• Work required
In the listing below, the answer starts at the line that has "National Brand Alternative" and stops after the line that has "Lit riley pour"; please repeat that part exactly and nothing more.

• Records supplied
──────────────────────────────

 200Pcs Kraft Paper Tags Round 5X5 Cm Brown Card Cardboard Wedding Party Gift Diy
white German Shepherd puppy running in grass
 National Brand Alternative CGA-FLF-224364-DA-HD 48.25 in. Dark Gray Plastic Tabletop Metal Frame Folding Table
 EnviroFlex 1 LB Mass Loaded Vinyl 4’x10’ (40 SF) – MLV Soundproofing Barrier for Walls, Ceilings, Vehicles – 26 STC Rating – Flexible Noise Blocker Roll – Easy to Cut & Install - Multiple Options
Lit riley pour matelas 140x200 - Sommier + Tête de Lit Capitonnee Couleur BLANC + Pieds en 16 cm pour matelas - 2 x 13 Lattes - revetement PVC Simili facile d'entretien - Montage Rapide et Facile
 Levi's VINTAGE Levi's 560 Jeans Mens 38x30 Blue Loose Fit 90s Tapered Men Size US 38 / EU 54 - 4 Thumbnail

──────────────────────────────

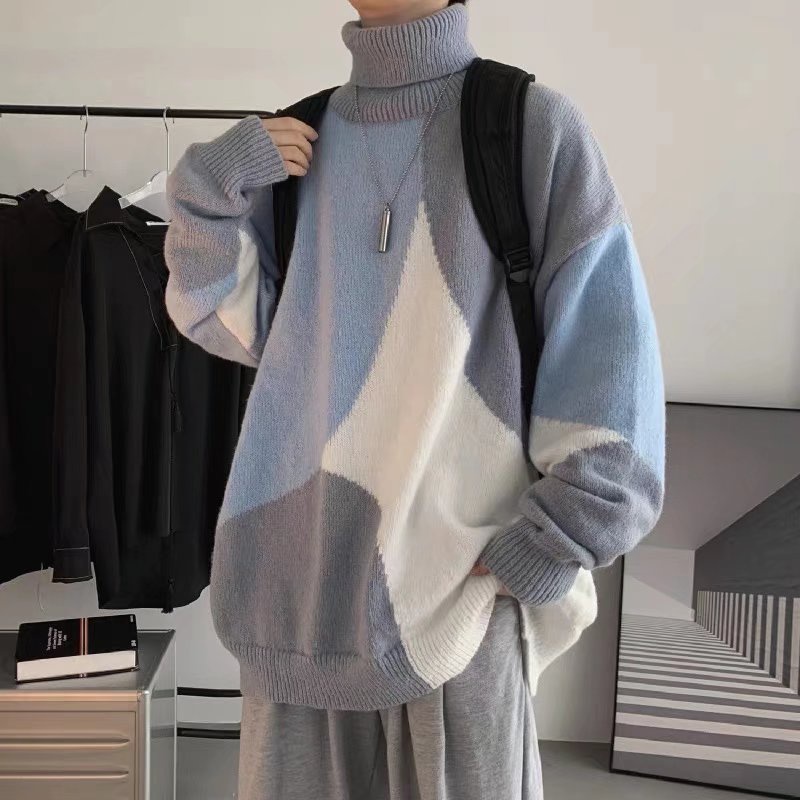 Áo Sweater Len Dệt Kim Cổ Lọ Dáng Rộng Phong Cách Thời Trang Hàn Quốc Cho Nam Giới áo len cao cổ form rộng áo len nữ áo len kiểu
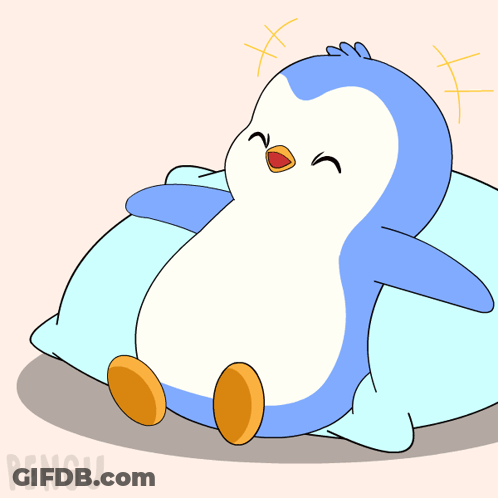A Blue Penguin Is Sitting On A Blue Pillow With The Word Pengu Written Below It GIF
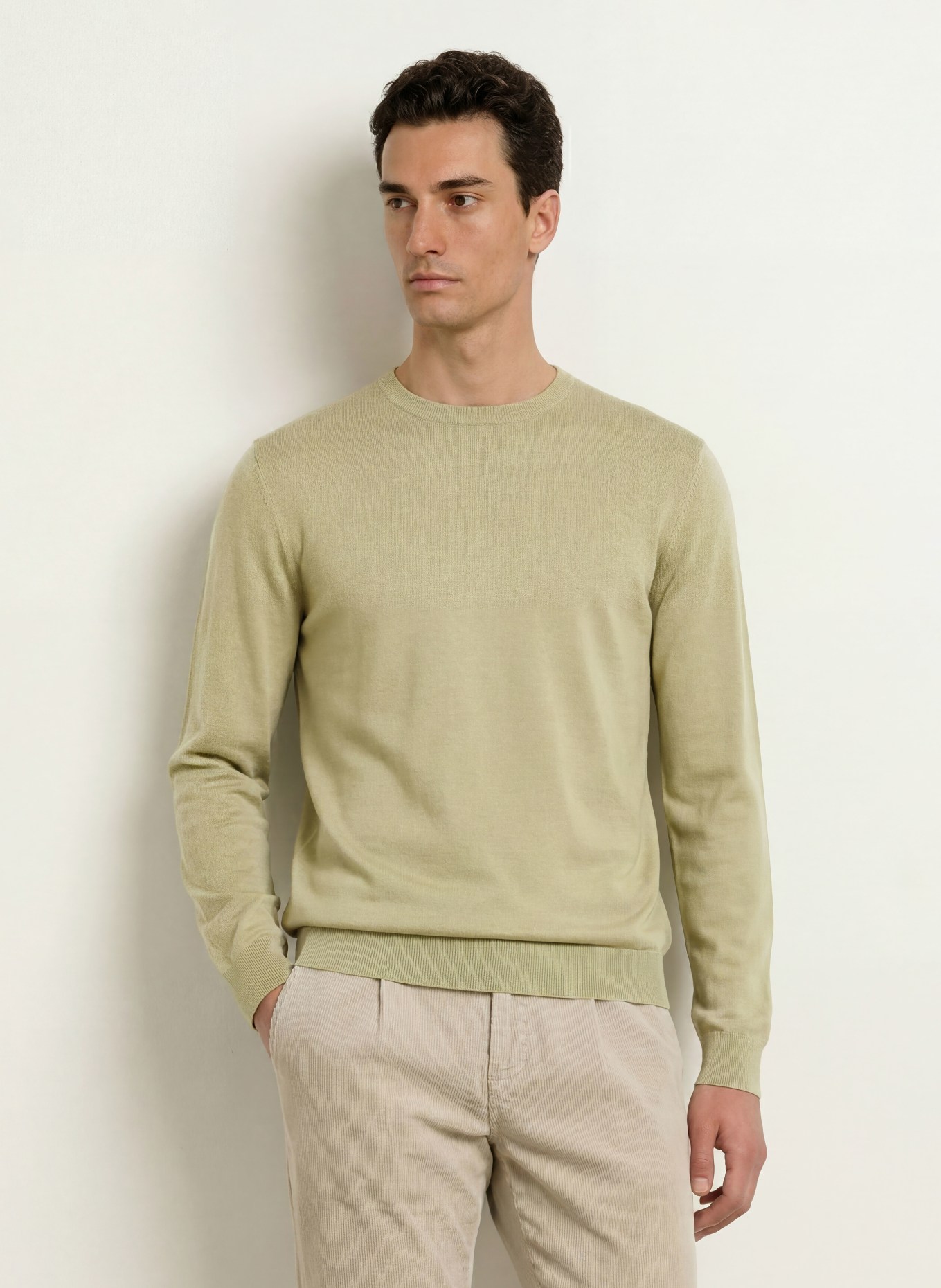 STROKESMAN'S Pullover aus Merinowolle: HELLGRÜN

──────────────────────────────

• Finished exercise
 National Brand Alternative CGA-FLF-224364-DA-HD 48.25 in. Dark Gray Plastic Tabletop Metal Frame Folding Table
 EnviroFlex 1 LB Mass Loaded Vinyl 4’x10’ (40 SF) – MLV Soundproofing Barrier for Walls, Ceilings, Vehicles – 26 STC Rating – Flexible Noise Blocker Roll – Easy to Cut & Install - Multiple Options
Lit riley pour matelas 140x200 - Sommier + Tête de Lit Capitonnee Couleur BLANC + Pieds en 16 cm pour matelas - 2 x 13 Lattes - revetement PVC Simili facile d'entretien - Montage Rapide et Facile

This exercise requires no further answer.